How do wooden bridges hold the weight of trains?

233 views

As the title states, how do wooden bridges hold the weight of trains?
I’m specifically speaking of steam locomotives in the late 1800s.

I know there is some sort of engineering involved, and I know there’s a lot of wooden beams and some sort of science behind the angles and supports but I just don’t get it and I would like to understand.

Thank you!

In: Engineering

7 Answers

Anonymous 0 Comments

Wood is surprisingly strong. It can keep huge trees with big wind-catching leaf canopies upright even in a hurricane. Immagine how heavy an entire tree is too.

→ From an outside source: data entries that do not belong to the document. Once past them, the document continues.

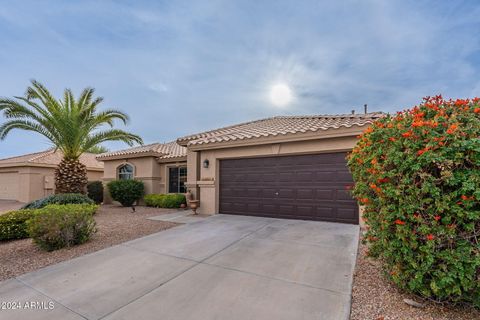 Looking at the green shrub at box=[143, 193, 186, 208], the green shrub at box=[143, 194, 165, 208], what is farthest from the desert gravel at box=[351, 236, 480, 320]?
the green shrub at box=[143, 194, 165, 208]

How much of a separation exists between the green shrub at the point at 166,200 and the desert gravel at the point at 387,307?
A: 10.0m

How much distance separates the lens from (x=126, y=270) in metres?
4.29

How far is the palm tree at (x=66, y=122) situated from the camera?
10.9 meters

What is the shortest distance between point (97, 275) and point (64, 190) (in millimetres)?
9985

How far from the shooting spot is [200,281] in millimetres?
3777

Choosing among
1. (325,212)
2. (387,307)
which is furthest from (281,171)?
(387,307)

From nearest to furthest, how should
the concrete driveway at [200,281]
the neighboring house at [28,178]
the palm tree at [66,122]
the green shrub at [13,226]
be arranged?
the concrete driveway at [200,281]
the green shrub at [13,226]
the palm tree at [66,122]
the neighboring house at [28,178]

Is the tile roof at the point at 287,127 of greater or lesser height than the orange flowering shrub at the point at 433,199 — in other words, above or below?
above

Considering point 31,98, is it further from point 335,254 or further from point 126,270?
point 335,254

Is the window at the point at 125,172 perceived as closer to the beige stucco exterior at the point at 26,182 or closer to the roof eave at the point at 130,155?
the roof eave at the point at 130,155

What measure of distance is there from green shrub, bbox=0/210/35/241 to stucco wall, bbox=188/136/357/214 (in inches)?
232

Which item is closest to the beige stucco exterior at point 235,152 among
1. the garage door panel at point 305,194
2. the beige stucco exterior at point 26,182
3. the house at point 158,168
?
the garage door panel at point 305,194

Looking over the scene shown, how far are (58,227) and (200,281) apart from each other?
4.32 m

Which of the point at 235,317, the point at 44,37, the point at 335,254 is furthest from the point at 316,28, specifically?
the point at 44,37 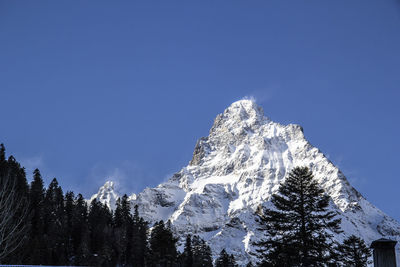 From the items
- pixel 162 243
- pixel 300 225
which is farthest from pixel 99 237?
pixel 300 225

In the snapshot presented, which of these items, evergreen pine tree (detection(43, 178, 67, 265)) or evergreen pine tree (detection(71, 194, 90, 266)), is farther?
evergreen pine tree (detection(71, 194, 90, 266))

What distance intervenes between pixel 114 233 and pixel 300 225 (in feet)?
228

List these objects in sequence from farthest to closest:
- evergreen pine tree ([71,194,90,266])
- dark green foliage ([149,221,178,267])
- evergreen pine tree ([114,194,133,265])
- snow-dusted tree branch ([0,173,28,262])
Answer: evergreen pine tree ([114,194,133,265]) < evergreen pine tree ([71,194,90,266]) < dark green foliage ([149,221,178,267]) < snow-dusted tree branch ([0,173,28,262])

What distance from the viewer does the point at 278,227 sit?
31.5 meters

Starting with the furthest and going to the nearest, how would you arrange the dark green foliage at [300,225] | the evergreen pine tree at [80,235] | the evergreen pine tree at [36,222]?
the evergreen pine tree at [80,235], the evergreen pine tree at [36,222], the dark green foliage at [300,225]

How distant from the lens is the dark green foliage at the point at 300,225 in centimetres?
2998

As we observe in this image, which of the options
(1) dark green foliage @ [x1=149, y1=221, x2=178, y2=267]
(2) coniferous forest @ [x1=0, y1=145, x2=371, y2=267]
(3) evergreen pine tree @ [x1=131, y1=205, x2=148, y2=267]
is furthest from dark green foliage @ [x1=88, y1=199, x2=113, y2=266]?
(1) dark green foliage @ [x1=149, y1=221, x2=178, y2=267]

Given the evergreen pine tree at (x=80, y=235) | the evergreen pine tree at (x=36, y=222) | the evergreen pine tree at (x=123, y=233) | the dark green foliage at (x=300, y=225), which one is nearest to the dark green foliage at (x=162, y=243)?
the evergreen pine tree at (x=123, y=233)

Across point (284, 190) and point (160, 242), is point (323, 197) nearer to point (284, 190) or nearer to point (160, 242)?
point (284, 190)

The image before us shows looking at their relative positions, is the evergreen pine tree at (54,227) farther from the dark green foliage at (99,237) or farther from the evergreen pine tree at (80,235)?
the dark green foliage at (99,237)

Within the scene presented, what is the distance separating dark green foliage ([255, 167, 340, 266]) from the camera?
2998 cm

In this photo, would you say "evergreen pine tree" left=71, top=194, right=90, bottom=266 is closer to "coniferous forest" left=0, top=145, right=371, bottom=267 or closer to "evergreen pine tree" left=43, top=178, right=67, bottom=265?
"coniferous forest" left=0, top=145, right=371, bottom=267

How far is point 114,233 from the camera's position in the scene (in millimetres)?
95062

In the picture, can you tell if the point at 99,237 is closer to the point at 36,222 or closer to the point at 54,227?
the point at 54,227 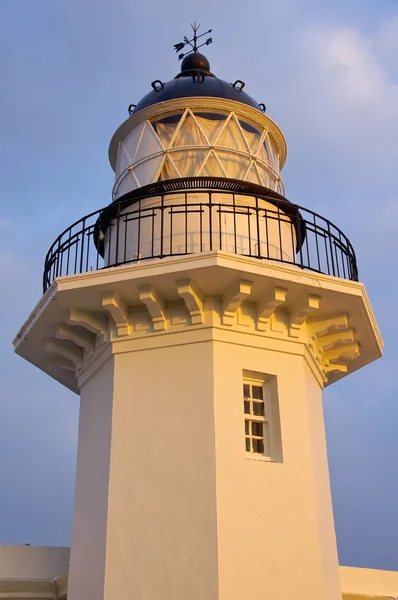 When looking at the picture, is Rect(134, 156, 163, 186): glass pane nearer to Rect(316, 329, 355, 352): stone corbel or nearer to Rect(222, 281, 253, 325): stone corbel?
Rect(222, 281, 253, 325): stone corbel

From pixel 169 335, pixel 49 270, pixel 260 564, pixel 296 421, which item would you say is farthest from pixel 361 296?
pixel 49 270

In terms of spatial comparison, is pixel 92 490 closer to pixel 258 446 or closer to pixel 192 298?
pixel 258 446

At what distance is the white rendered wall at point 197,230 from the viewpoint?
11.0m

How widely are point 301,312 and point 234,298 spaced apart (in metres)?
1.08

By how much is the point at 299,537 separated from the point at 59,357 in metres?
4.75

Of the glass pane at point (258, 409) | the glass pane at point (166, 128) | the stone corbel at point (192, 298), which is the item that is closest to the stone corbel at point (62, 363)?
the stone corbel at point (192, 298)

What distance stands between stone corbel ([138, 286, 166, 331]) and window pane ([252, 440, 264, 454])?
194cm

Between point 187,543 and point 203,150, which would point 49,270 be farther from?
point 187,543

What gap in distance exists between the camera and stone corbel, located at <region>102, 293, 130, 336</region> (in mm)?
10320

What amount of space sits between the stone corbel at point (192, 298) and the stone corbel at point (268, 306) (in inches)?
32.1

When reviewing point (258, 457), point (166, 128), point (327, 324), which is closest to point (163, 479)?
point (258, 457)

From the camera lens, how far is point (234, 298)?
1020cm

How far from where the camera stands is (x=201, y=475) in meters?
9.74

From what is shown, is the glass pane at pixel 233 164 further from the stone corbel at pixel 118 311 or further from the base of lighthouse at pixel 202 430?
the stone corbel at pixel 118 311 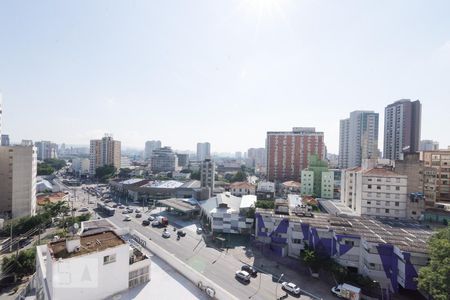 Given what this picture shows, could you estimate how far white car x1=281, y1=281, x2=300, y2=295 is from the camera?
65.3ft

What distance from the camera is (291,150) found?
241ft

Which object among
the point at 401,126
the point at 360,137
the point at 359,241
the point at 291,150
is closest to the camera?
the point at 359,241

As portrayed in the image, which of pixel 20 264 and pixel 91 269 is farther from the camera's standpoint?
pixel 20 264

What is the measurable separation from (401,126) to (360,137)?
13217mm

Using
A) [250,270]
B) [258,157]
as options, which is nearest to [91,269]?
[250,270]

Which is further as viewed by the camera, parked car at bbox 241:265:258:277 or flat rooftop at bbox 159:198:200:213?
flat rooftop at bbox 159:198:200:213

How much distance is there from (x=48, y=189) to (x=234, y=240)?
5074cm

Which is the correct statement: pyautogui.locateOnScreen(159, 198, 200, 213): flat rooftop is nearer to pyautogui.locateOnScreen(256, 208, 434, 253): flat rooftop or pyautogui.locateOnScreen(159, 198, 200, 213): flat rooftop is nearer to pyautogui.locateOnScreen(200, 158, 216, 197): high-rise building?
pyautogui.locateOnScreen(200, 158, 216, 197): high-rise building

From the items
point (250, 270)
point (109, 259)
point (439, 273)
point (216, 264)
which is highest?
point (109, 259)

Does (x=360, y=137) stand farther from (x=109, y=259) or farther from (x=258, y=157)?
(x=258, y=157)

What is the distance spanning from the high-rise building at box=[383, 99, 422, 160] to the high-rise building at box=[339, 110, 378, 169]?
12.5ft

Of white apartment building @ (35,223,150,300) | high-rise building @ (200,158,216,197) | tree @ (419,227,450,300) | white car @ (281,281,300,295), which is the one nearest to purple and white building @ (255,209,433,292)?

The base of the tree has to support that weight and the some to not crush under the weight.

The strength of 3 or 4 trees could probably support the weight of a train too. So engineers (the calculator kind, not the choochoo kind) make sure that through all the positions of the train on the bridge, there are always atleast 3 or 4 (or however many they think are necessary) trees taking the weight of the train all the way to the ground.

And actually, its not just trains that are trying to flatten a train bridge! That same hurricane could blow it over sideways, and might be stronger than the train can push down! And earthquakes make forces that get bigger the more material you use, and the stiffer the structure is. So there are lots of ways the wood needs to be positioned to keep it up.